■ **WORK REQUIRED**: Go to the line in the entries below that holds "卡通水杯耐高温办公室口杯马克陶瓷杯80/件 微瑕疵介意勿拍" and repeat exactly from there through the line that holds "Mythic Wolf - Sacred", inclusive.

■ **DATA EXTRACT**:
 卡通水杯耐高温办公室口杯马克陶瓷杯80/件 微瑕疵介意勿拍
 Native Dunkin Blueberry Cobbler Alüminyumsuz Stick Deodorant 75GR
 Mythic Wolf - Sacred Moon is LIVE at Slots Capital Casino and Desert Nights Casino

---

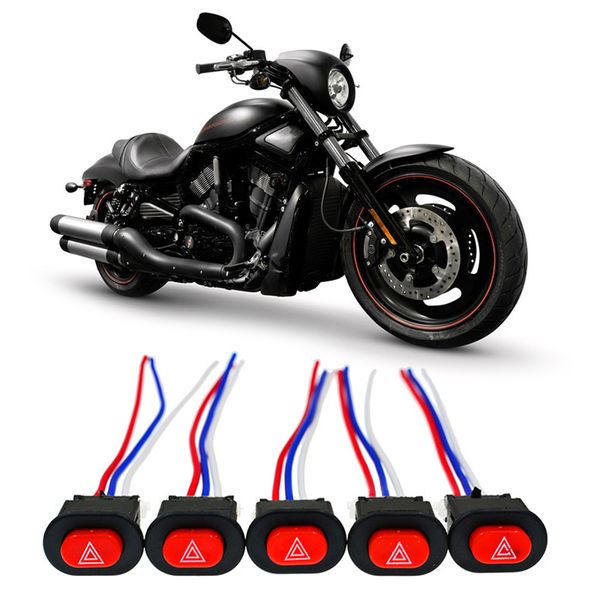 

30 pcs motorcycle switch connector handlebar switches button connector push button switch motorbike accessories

...

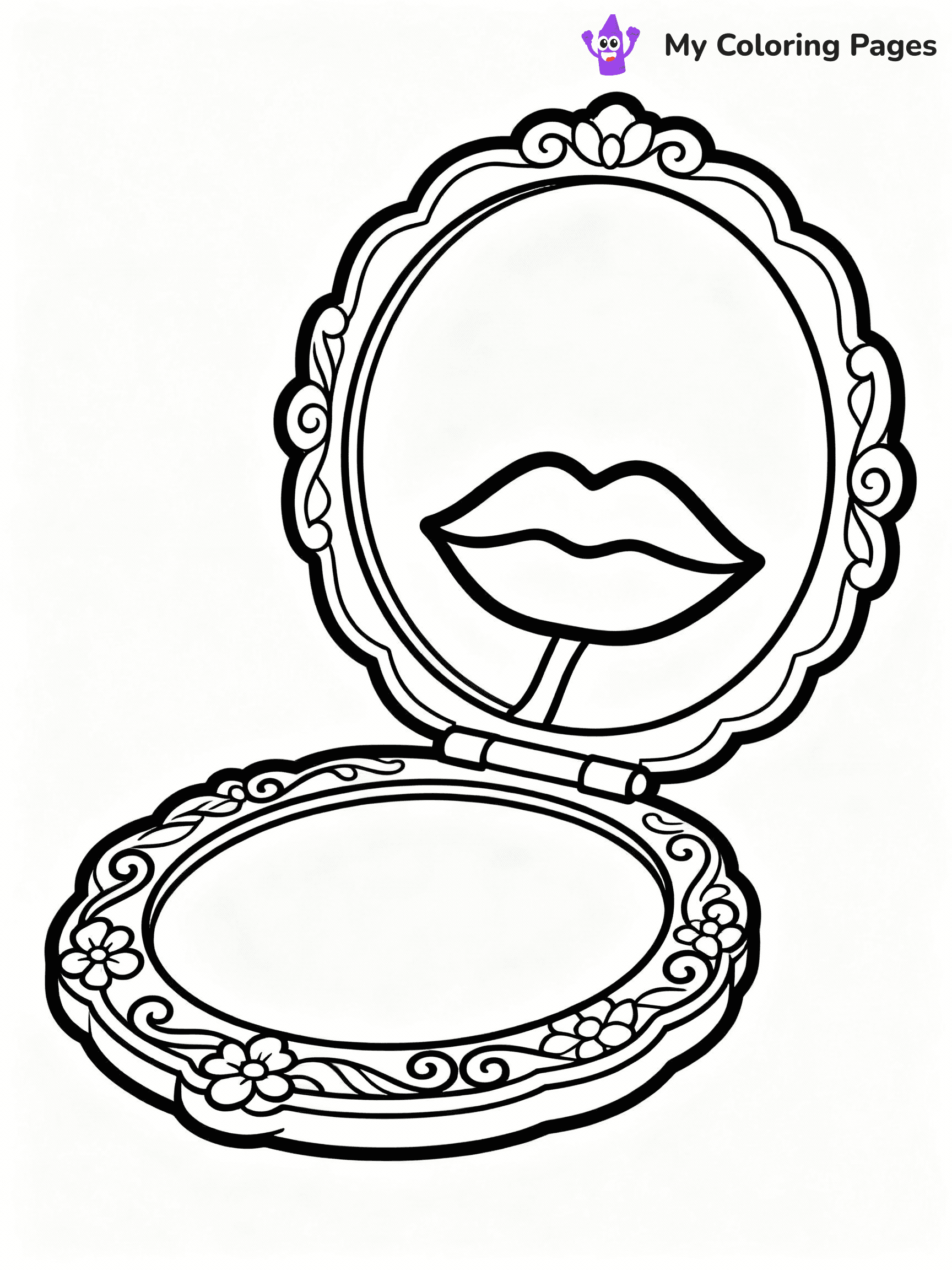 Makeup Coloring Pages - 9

■ **SOLUTION BELOW**:
 卡通水杯耐高温办公室口杯马克陶瓷杯80/件 微瑕疵介意勿拍
 Native Dunkin Blueberry Cobbler Alüminyumsuz Stick Deodorant 75GR
 Mythic Wolf - Sacred Moon is LIVE at Slots Capital Casino and Desert Nights Casino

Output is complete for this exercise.